Parallelize file parsing
YuriRomanowski opened this issue · 2 comments
YuriRomanowski commented
Clarification and motivation
This topic is a part of #221.
After we read file contents, we should perform parsing of the files, which is (in theory) pure action and can be parallelized.
But we use C library under the hood, so the parallelization may be tricky. Here we can try some approaches and discuss results.
Acceptance criteria
- Some approaches of parallelization are tried
- We decided how to handle foreign calls during parsing for parallelization
- Speedup is obtained and proved with measurements
YuriRomanowski commented
I uploaded some commits where different variations of xrefcheck can be load-tested (in branch YuriRomanowski/#247-parallelize-file-parsing-scaffolding):
- Original version (from
master
) with lazyreadFile
: 2a959d0 - Replace lazy
readFile
with strict one: b3368c3 - Force reading files and then process them in parallel using
Eval
monad: a1d5f56 - Force reading files and then process them using
mapConcurrently
: 8f65374
The latter two ones produce similar results.
Martoon-00 commented
Thanks for this investigation!
I tried, and from what I can see:
- Repo scanning time is not extremely different in all of these scenarios (0.9s / 0.7s / 0.5s / 0.5s)

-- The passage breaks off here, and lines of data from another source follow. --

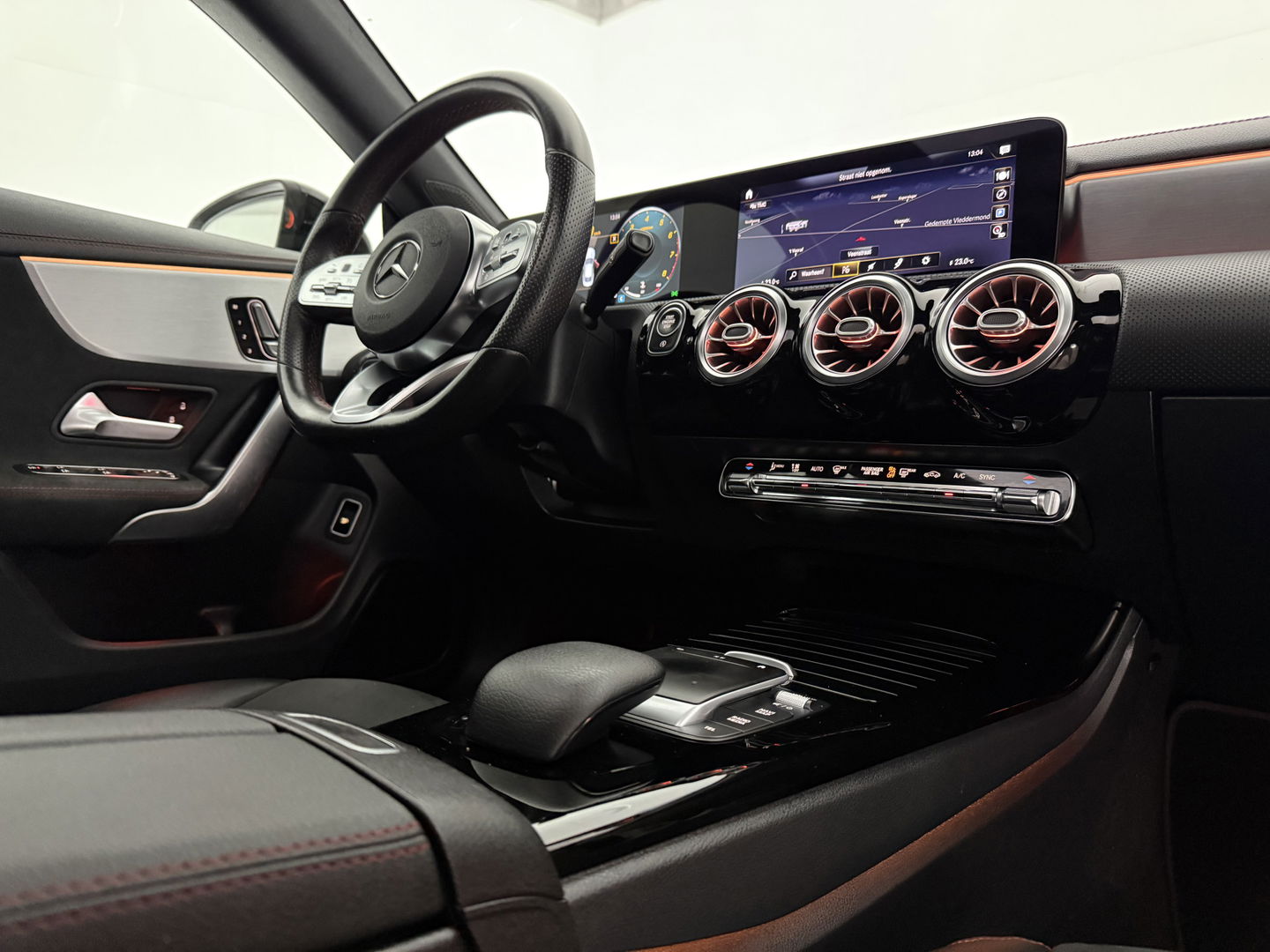 Mercedes-Benz CLA-Klasse 180 AMG | Pano | Virtual | Memory | Sfeer | Burmester | Stoelverw. | Cruise | Navi | Keyless | Trekh.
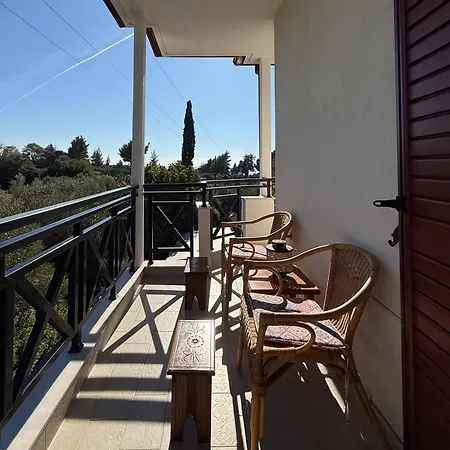 Vila Palmera 100m From The Nikiti (Sithonia)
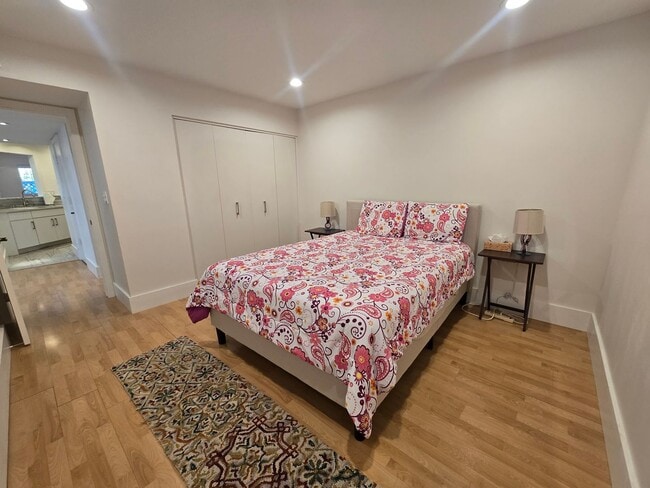 Building Photo - Furnished, 1-Year Long-Term Rental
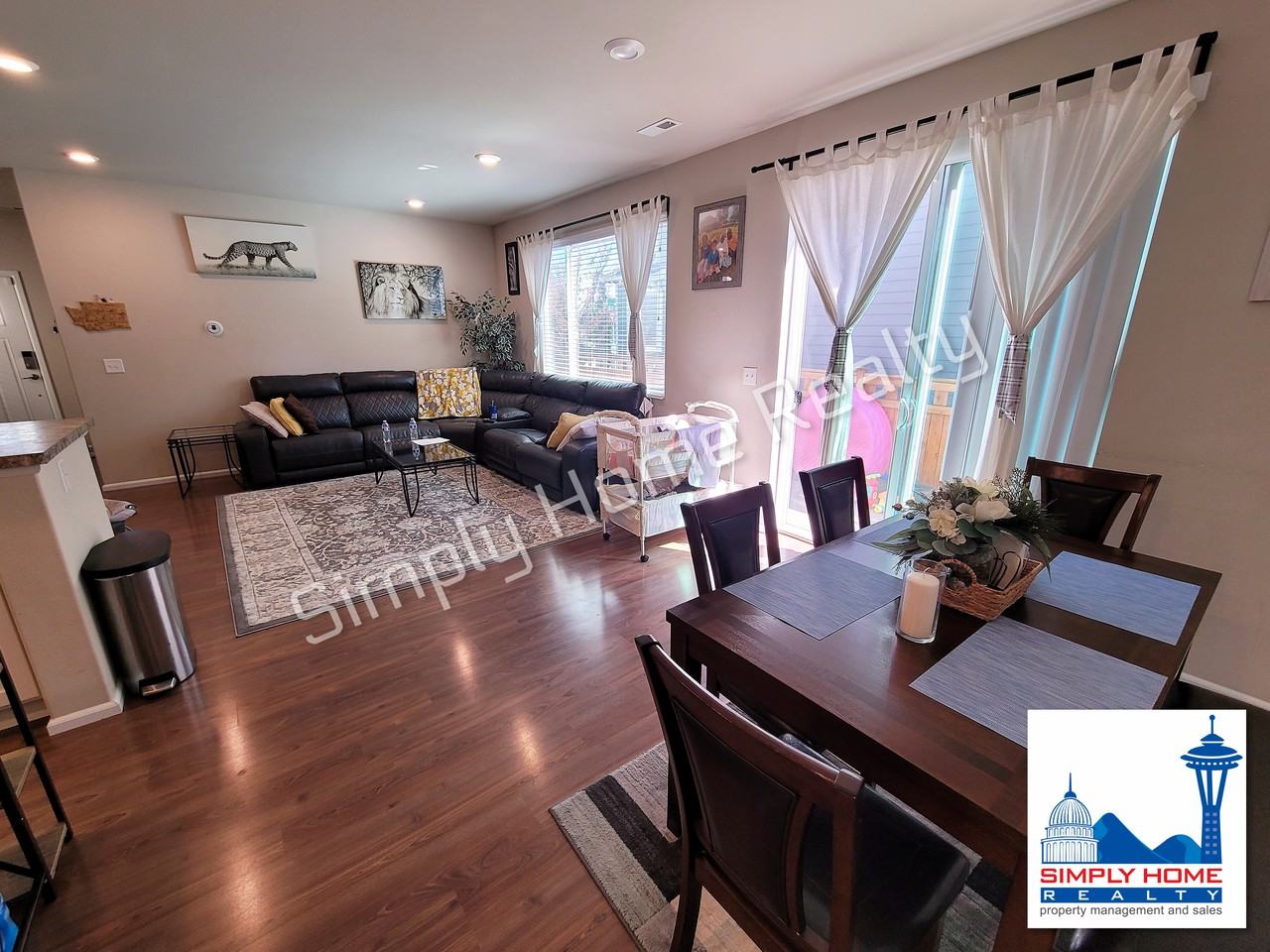 3411 Juno Street Northeast - Photo 3 of 19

- My impression was that in the given load testing there was simply no space for parallelization (this is what we saw on this picture. Sparks tab shows that a few sparks were bind to different cores, but most of them went to one core, probably simply because parsing was fast enough to process it all.
- I tried to create 4 dummy markdown files, 50Kb each, and sparks solution showed 4 cores being used.
(the selected area corresponds to repo scanning time)
Although I'm not exactly sure why "Activity" graph at the top shows so few CPU feed.